- EXERCISE: Each line from the one containing "Ford Kuga 2.0 TDCi 2x4 Titanium - 14" to the end of the listing below should be repeated exactly, with no other line included.

┄┄┄┄┄┄┄┄┄┄┄┄┄┄┄┄┄┄┄┄

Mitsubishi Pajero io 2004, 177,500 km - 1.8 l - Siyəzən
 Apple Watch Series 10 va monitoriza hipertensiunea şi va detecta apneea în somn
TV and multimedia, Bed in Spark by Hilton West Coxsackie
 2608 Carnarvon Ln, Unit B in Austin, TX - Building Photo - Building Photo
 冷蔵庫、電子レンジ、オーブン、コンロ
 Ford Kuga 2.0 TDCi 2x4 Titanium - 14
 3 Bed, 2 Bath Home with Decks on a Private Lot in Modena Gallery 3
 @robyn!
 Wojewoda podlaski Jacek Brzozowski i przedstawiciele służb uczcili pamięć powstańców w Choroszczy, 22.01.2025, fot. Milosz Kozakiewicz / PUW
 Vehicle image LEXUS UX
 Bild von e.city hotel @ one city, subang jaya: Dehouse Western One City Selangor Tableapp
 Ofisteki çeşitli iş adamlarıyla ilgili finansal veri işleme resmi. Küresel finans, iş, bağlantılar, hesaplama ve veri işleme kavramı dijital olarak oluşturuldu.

┄┄┄┄┄┄┄┄┄┄┄┄┄┄┄┄┄┄┄┄

- TASK SOLUTION:
 Ford Kuga 2.0 TDCi 2x4 Titanium - 14
 3 Bed, 2 Bath Home with Decks on a Private Lot in Modena Gallery 3
 @robyn!
 Wojewoda podlaski Jacek Brzozowski i przedstawiciele służb uczcili pamięć powstańców w Choroszczy, 22.01.2025, fot. Milosz Kozakiewicz / PUW
 Vehicle image LEXUS UX
 Bild von e.city hotel @ one city, subang jaya: Dehouse Western One City Selangor Tableapp
 Ofisteki çeşitli iş adamlarıyla ilgili finansal veri işleme resmi. Küresel finans, iş, bağlantılar, hesaplama ve veri işleme kavramı dijital olarak oluşturuldu.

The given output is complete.